CHP değişimden ne anlıyor ve
asıl neyi anlamıyor?
CHP’nin temel sorunu değişim ve yenileşme taleplerini kendi içersinde “Ahmet’in gidip Mehmet’in gelmesi” olarak algıladığı sürece değişmesi mümkün değildir.
Neden mi?
1- CHP bugün toplumun dinamiklerini parti içersine katmaya çalışsa, partinin içersinde gelecek bekleyenler ne yaparlar?
2- İlçe ve il kongrelerinde ilçe başkanları partinin dışından gelse, partiyle de çelişmese, yönetim kurulu listelerinin içersine yeni dinamikler katılsa, delegeler oy verir mi? O listeler kazanır mı?
3- Parti kendi içerisinde yarış yaparak dışarı açılabilir mi? Açılmaya çalışsa başarılı olur mu?
4- Parti önce ilçe başkan adayı, belediye başkan aday adayı, sonra belediye başkan adayı, olmuş seçilememiş isimlerin sonra milletvekili adayı olduğu kısır bir yarıştan başarılı çıkabilir mi?

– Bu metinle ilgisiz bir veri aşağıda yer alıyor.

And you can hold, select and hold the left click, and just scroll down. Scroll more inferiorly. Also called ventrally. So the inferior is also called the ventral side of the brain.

5- Tüm aday adaylıkları denemiş, belediye başkan ve milletvekili adayı olmuş hiçbirinde başarılı olamamış isimlerin, yeniden ilçe ve il başkanlığına aday olduğu ve kazandığı yerlerde başarıyı yakalaması mümkün olabilir mi?
6- “Yoldaş, yol arkadaşı” dediği partililere en ağır küfür ve hakaretleri edenlerin, parti içersinde beraberliği sağlamaları ve uzun yol koşusu yapabilmeleri mümkün müdür?

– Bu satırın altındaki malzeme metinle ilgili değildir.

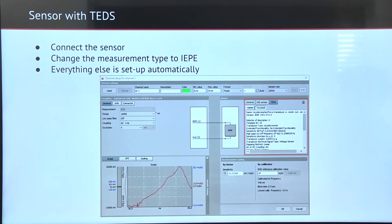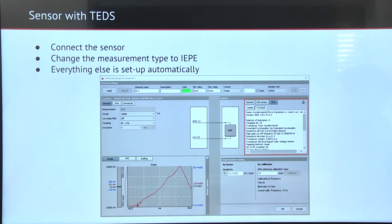The third option, which is the safest, is to use a sensor which has a built-in TETS chip. All we have to do in this case is connect the sensor, change the measurement to IAPE, and then everything else is set up automatically.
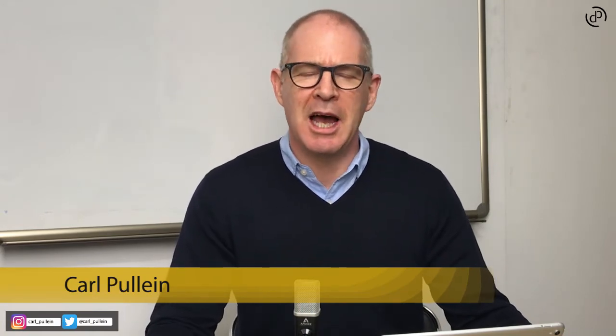Hello and welcome to episode 73 of my working with Evernote series. My name is Carl Pauline and in this week's episode, I'm going to show you two searches that you can save into your favorites list of Evernote that can really save you a lot of time.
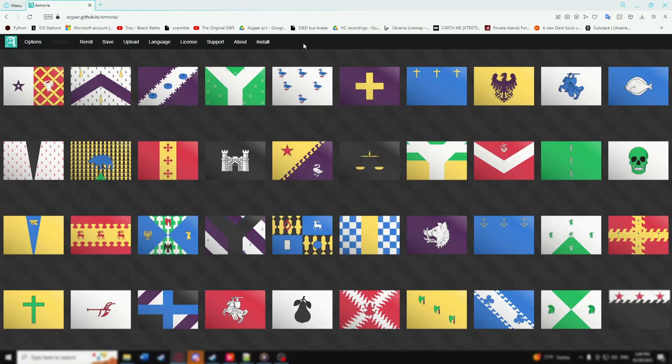Hello and welcome to a guide to creating your own coat of arms using Azgaar's Armoria. When you open up this program, you will be met with a gallery of randomly generated coat of arms on shields or banners.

7- Parti içerisinde herkesin birbirini “öteki” görürken, toplumun ötekileri ile ilişki kurmaları ve ikna etmeleri mümkün olabilir mi?
8- 100 yıl önceki ideolojik zihniyetleriyle, toplumun dinamik kesimleri yakalanabilir mi?
9- Parti içerisinde bile özeleştiriden bihaber olanların, toplumun tercihleri nedeniyle toplumu aşağılamaları, ötekileştirmeleri, aralarına duvar çekmelerinden dolayı sağlıklı bir iletişim kurmalarının olanağı var mıdır?
10- CHP “değişim ve yenilenme” diyerek, ancak bunun gereklerini de yapmadan bırakın iktidar olmayı, mevcudunu bile koruması hemen hemen imkansız değil midir?
11- Grup Başkanvekili Engin Altay’ın konuşmasını bile okumadan dinleyenlerin ve anlamayanların eleştirenlerin ve de hakaret edenlerin yapması gereken siyaseti bırakıp derhal emekli olmaları gerekmez mi?
12- CHP’li ve solcu olduğu için mutlaka her söylediğinin doğru olduğuna inananların, (ki düşünceler din değildir, inanılmaz benimsenir) toplumun kendilerini tercih etmediğinde, fikirlerini benimsemediğinde, topluma hain demekten vazgeçmeleri gerekmez mi?